Splitting Intel into two separate companies wouldn’t do the U.S. any good if the Intel design business succeeds and the foundry business does not. In that case, the U.S. would remain dependent on a foreign supplier for leading-edge technology—and the $50 billion in the CHIPS ACT would have been wasted.

We’ve seen this movie before. Years ago, a struggling AMD split off its manufacturing capacity into Global Foundries. Pundits applauded the split at the time. A decade later, AMD is doing well using TSMC, while Global Foundries has little if any differentiated technology. Global Foundries just didn’t have enough research and development (R&D) budget, and with limited production and revenue, struggled to keep up with market leaders. 

The economic reality is that it takes massive investment to drive Moore’s Law. In today’s semiconductor industry, only three companies (Intel, Samsung, and TSMC) have sufficient revenue to contend for technology leadership. If you split up Intel, the foundry portion will probably fail because of decreased R&D spending along with the complex realities of splitting up a huge multinational company in the midst of a multiyear turnaround effort.

Instead of wasting time and effort splitting Intel into two separate companies, why not focus on the real issue? The Intel of tomorrow needs to be like the Intel of 15 years ago—the driver and leader of Moore’s Law. That way, you get a win-win scenario with U.S.-based design and manufacturing technology.

This starts with rebuilding Intel’s technology leadership. The current CEO, Pat Gelsinger, has precisely the right strategy and attributes, and he is already driving the right changes.

Intel is on the verge of completing an unprecedented pace of node development to catch up to TSMC. It has taken the lead on next-gen technologies that will shape the semiconductor industry for years to come, such as high NA EUV lithography and backside power delivery.  Yes, more work is needed—but this is a good start, and they must keep going.

The U.S. government must do its part as well. This includes increased funding of basic pre-competitive research in semiconductor technology in our research universities and national laboratories. The U.S. has made a small step in this direction with the creation of the National Semiconductor Technology Center, but there is still a ways to go, especially when you consider the NSTC budget for five years is less than what Intel spends annually on R&D.

There are immense challenges as leading manufacturers race to create technologies that combine 100 billion transistors into a piece of silicon the size of a fingernail. These are the most complicated things mankind has ever built, and semiconductor leaders will spend tens of billions of dollars to make it happen.

Let’s not kid ourselves: If the U.S. wants to be a leader in this game once again, simply slicing Intel in half is not the solution. We must be willing to invest and do the hard work of leading Moore’s Law into the future, not waste time rearranging the deck chairs.

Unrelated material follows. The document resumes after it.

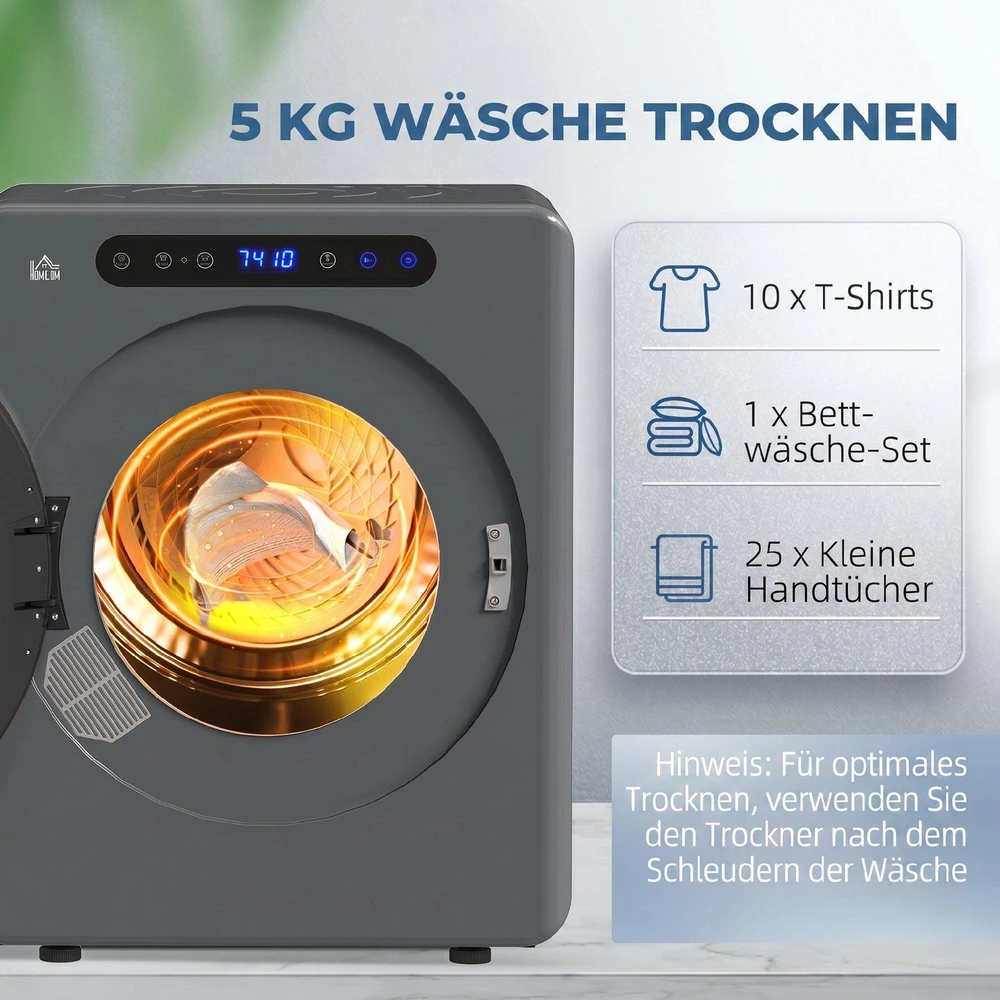 HOMCOM drabužių džiovyklė, 6 programos, 40-60℃, 4kg talpa, kompaktiška, jutiklinis valdymas, pilka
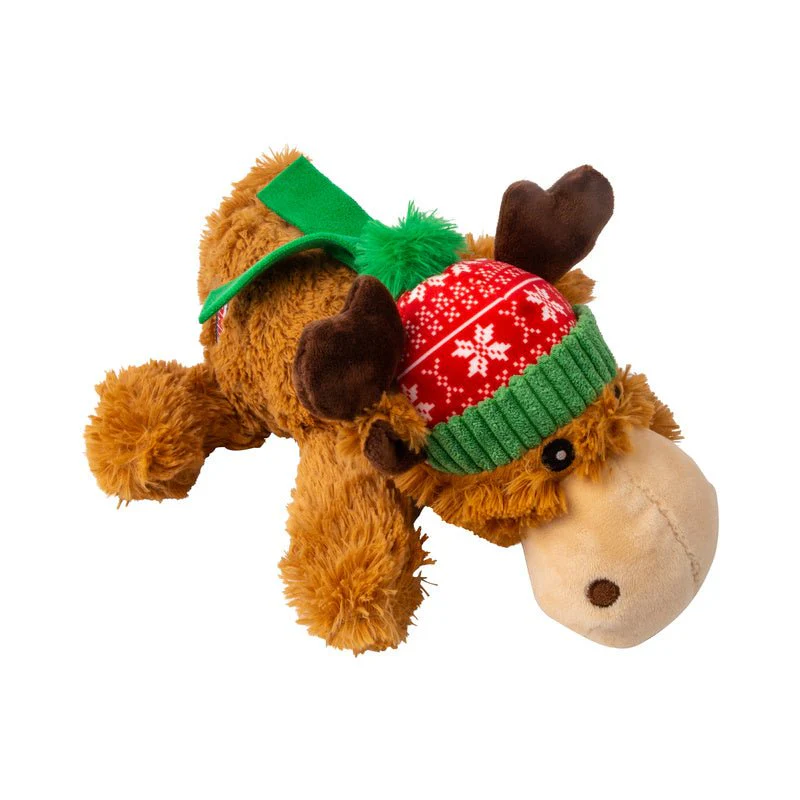 KONG Holiday Cozie™ Plush Reindeer Dog Toy with Squeaker - Image 5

I remember a similar time in Intel’s history—the dot-com bubble crash of the early 2000s. Customer demand evaporated. Wall Street said we should have layoffs, close factories, and cut R&D spending. The Intel board agonized over the situation but followed management’s plan to maintain investment in R&D and build new factories. The stock price crashed, but when demand returned, Intel was in a stronger position than before. It wasn’t pretty but it was the right thing to do. Pat Gelsinger is doing the right thing now.